WORK REQUEST> Quote every line below exactly and skip any picture.

DATA BELOW>
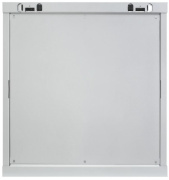 фото Шкаф SNR SNR-TWC-12-SF-R-G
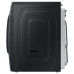 SAMSUNG Sèche-linge DV16DG8600BV - 16Kg pas cher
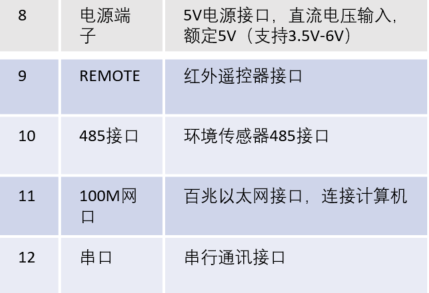 尊龙凯时·(中国游)官方网站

RESPONSE BELOW>
 фото Шкаф SNR SNR-TWC-12-SF-R-G
 SAMSUNG Sèche-linge DV16DG8600BV - 16Kg pas cher
 尊龙凯时·(中国游)官方网站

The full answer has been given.